Überbaubare Grundstücksfläche
Auch: Baufenster · Bebaubare Fläche
Die überbaubare Grundstücksfläche ("Baufenster") ist der Bereich eines Grundstücks, in dem gemäß Bebauungsplan Gebäude errichtet werden dürfen. Sie wird durch Baugrenzen und/oder Baulinien in der Planzeichnung festgelegt und begrenzt, wo genau auf einem Grundstück gebaut werden darf – unabhängig davon, wie viel insgesamt bebaut werden darf (das regelt die Grundflächenzahl).
Ausführliche Erklärung
Rechtsgrundlage ist § 23 BauNVO, der drei Instrumente zur Festlegung der überbaubaren Grundstücksfläche vorsieht:
- Baugrenze: Bauliche Anlagen dürfen die Baugrenze nicht überschreiten, müssen sie aber nicht erreichen – das häufigste und flexibelste Instrument, meist als gestrichelte Linie dargestellt.
- Baulinie: Auf der Baulinie muss gebaut werden (durchgezogene Linie) – typisch für geschlossene Straßenfluchten in Altstädten oder verdichteten Siedlungen, um eine einheitliche Bauflucht zu erzwingen.

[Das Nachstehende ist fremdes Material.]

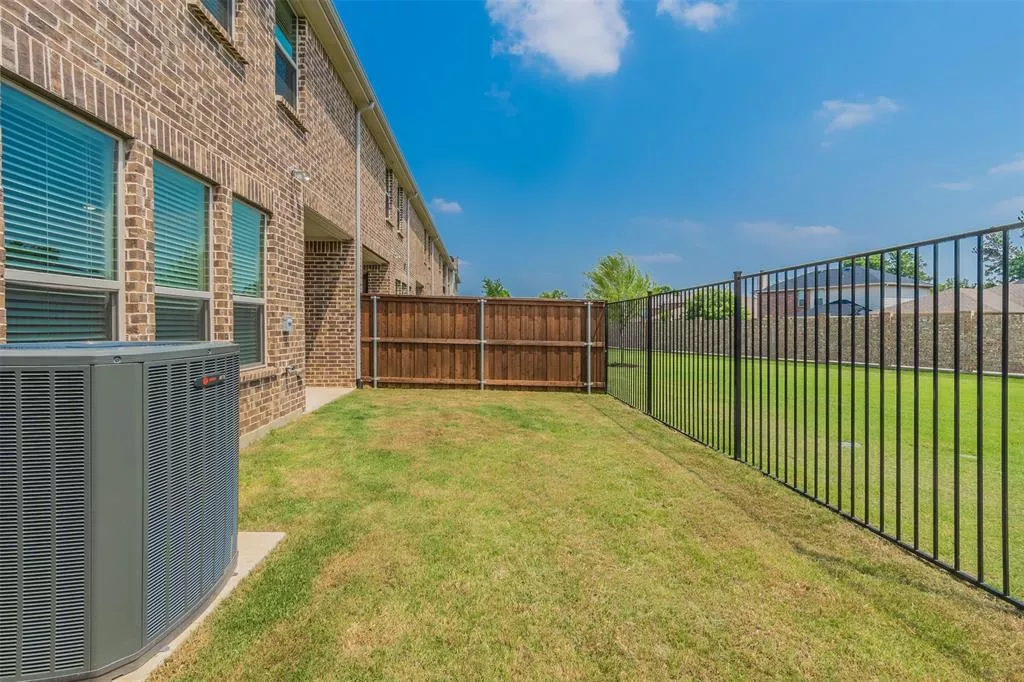 1018 Mj Brown Drive, Allen, Texas 75002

- Bebauungstiefe: Angabe, wie tief ein Gebäude von einer Bezugslinie (meist der Straße) aus in das Grundstück hineinragen darf – seltener genutzt, oft in älteren Plänen.

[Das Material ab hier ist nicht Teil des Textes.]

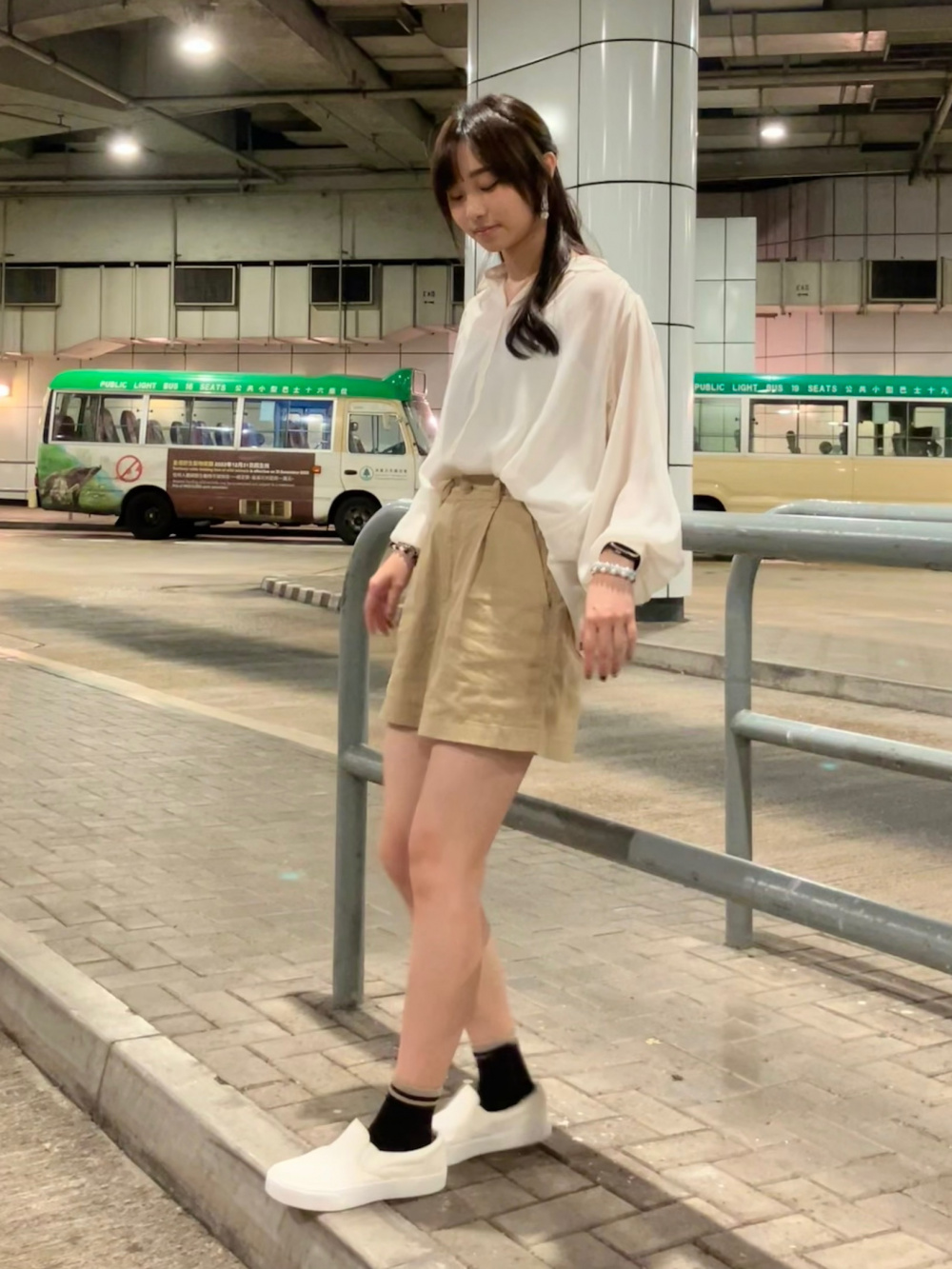 Check styling ideas for「SHEER VOLUME LONG SLEEVE BLOUSE、LINEN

Die überbaubare Grundstücksfläche beantwortet die Frage "wo darf gebaut werden", während Maßzahlen wie Grundflächenzahl (GRZ) und Geschossflächenzahl (GFZ) die Frage "wie viel darf gebaut werden" regeln – beides zusammen (meist in der Nutzungsschablone dargestellt) ergibt die zulässige Kubatur eines Neubaus. Für den Makler ist das Baufenster ein zentraler Wertfaktor: Ein großzügiges Baufenster erlaubt flexiblere Grundrisse, Anbauten und Erweiterungen, während ein eng gefasstes Baufenster (z. B. durch enge Abstandsflächenregeln oder rückwärtige Baugrenzen) die Nutzbarkeit erheblich einschränken kann. Überschreitungen der überbaubaren Grundstücksfläche sind nur über eine Befreiung (§ 31 Abs. 2 BauGB) möglich und stehen im Ermessen der Behörde – ein Rechtsanspruch besteht nicht. Bei Bestandsimmobilien, deren Gebäude die heutige Baugrenze überschreiten (etwa historische Altbauten), greift regelmäßig der Bestandsschutz.
Beispiel aus der Praxis
Ein Bebauungsplan setzt für ein Wohngrundstück eine Baugrenze fest, die einen Abstand von 5 Metern zur Straße und 3 Metern zu den Seitengrenzen vorschreibt. Das eigentliche Grundstück ist 800 m² groß, das Baufenster innerhalb der Baugrenzen jedoch nur 300 m² – der Bauherr kann sein Haus frei innerhalb dieser 300 m² platzieren, muss die Grenzen aber in jedem Fall einhalten, sofern keine Befreiung erteilt wird.
Rechtsgrundlage
- § 23 BauNVO – definiert Baugrenze, Baulinie und Bebauungstiefe als Instrumente zur Festlegung der überbaubaren Grundstücksfläche.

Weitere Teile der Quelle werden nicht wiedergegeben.